*** Input data

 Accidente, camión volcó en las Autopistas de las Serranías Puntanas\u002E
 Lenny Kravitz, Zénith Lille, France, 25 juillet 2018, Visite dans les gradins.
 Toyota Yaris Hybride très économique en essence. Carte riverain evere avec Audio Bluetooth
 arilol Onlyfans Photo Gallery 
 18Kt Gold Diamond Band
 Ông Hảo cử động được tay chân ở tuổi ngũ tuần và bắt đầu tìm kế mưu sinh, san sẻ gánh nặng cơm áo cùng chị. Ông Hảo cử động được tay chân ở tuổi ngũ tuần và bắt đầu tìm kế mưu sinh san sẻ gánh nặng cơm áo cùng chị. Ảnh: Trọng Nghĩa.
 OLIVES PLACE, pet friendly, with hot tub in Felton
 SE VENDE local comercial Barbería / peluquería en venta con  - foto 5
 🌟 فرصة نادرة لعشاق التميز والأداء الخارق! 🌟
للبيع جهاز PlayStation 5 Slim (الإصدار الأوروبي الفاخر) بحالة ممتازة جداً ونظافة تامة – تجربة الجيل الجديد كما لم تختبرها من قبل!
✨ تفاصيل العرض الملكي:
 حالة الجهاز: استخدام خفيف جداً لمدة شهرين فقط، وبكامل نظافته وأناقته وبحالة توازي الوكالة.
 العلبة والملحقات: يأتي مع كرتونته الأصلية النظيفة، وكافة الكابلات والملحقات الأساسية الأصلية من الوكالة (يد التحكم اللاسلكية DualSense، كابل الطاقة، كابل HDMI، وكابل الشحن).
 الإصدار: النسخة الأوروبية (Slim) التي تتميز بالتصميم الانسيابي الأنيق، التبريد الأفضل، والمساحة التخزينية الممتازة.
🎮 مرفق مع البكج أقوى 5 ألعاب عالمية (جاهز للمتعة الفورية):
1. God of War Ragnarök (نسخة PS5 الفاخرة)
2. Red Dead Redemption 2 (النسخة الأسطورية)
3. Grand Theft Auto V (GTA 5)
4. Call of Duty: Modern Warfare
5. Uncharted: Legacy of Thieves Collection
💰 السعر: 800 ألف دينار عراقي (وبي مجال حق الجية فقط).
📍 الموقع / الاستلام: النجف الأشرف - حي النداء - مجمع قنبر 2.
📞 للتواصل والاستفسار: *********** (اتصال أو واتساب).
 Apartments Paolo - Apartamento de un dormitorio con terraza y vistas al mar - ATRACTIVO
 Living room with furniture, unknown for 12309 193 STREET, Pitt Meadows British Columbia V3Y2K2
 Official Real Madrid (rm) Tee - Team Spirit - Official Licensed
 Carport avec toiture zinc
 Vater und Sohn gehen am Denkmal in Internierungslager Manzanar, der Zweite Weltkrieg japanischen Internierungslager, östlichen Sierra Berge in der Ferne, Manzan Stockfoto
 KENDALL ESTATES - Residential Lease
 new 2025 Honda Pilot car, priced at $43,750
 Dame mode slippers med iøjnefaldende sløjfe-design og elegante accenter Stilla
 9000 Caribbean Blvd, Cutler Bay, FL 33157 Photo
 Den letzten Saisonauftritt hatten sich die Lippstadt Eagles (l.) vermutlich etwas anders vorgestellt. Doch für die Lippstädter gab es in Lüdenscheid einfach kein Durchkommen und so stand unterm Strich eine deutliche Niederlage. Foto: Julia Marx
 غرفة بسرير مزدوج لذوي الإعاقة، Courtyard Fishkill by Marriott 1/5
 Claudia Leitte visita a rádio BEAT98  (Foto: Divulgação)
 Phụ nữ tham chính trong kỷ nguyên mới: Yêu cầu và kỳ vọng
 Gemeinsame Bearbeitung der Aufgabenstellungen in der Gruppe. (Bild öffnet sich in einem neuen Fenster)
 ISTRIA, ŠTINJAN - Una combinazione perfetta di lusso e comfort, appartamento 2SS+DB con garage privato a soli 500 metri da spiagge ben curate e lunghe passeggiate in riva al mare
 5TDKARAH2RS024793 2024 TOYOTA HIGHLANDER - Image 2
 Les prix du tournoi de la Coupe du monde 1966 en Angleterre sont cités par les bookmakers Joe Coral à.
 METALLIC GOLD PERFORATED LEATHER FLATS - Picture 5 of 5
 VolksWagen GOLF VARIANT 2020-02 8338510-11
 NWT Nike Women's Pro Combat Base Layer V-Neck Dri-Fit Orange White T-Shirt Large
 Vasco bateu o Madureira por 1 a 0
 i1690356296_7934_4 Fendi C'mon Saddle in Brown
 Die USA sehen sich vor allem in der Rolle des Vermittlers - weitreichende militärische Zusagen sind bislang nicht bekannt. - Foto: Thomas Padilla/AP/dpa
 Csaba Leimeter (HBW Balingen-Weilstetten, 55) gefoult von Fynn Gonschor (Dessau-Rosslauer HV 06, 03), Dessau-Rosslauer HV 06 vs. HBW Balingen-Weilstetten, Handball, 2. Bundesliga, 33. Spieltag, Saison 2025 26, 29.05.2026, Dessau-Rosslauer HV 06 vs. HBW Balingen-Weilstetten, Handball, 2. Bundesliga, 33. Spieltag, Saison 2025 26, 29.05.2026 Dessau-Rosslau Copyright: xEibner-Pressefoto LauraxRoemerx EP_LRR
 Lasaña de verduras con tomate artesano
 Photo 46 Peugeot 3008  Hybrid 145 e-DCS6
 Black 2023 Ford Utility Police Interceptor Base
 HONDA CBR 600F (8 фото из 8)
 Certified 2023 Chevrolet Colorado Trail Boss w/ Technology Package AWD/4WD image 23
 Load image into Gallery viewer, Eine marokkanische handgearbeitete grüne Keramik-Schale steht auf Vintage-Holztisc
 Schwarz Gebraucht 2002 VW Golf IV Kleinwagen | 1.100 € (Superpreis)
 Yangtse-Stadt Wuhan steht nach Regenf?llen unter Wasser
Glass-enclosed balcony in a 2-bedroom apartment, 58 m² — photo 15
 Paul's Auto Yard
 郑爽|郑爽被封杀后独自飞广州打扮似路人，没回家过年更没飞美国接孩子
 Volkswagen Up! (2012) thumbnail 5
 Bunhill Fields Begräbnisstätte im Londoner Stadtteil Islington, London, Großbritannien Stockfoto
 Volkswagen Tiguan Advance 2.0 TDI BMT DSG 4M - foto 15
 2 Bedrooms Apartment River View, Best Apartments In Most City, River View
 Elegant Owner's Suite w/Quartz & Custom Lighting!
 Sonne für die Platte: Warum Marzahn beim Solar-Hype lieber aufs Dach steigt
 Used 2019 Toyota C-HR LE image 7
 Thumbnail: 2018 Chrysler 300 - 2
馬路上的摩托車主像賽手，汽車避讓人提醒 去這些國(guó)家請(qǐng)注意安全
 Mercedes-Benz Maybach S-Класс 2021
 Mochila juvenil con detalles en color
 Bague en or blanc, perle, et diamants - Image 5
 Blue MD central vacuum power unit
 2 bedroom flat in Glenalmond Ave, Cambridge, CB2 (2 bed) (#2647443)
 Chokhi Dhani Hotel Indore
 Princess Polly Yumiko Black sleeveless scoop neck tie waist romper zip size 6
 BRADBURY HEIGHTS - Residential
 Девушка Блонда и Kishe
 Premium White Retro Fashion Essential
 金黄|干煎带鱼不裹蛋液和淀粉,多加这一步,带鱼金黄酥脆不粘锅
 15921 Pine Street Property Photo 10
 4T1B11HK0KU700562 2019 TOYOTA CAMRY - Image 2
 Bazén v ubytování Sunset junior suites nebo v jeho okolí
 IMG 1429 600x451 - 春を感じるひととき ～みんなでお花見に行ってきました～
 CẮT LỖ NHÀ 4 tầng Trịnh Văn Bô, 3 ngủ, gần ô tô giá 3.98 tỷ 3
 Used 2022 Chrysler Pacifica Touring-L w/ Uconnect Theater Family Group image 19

******

= Task prompt =
Reproduce exactly, and only, the part of the listing above that begins at the line with "Gemeinsame Bearbeitung der" and goes on through the line with "VolksWagen GOLF VARIANT 2020-02 8338510-11".

= Result below =
 Gemeinsame Bearbeitung der Aufgabenstellungen in der Gruppe. (Bild öffnet sich in einem neuen Fenster)
 ISTRIA, ŠTINJAN - Una combinazione perfetta di lusso e comfort, appartamento 2SS+DB con garage privato a soli 500 metri da spiagge ben curate e lunghe passeggiate in riva al mare
 5TDKARAH2RS024793 2024 TOYOTA HIGHLANDER - Image 2
 Les prix du tournoi de la Coupe du monde 1966 en Angleterre sont cités par les bookmakers Joe Coral à.
 METALLIC GOLD PERFORATED LEATHER FLATS - Picture 5 of 5
 VolksWagen GOLF VARIANT 2020-02 8338510-11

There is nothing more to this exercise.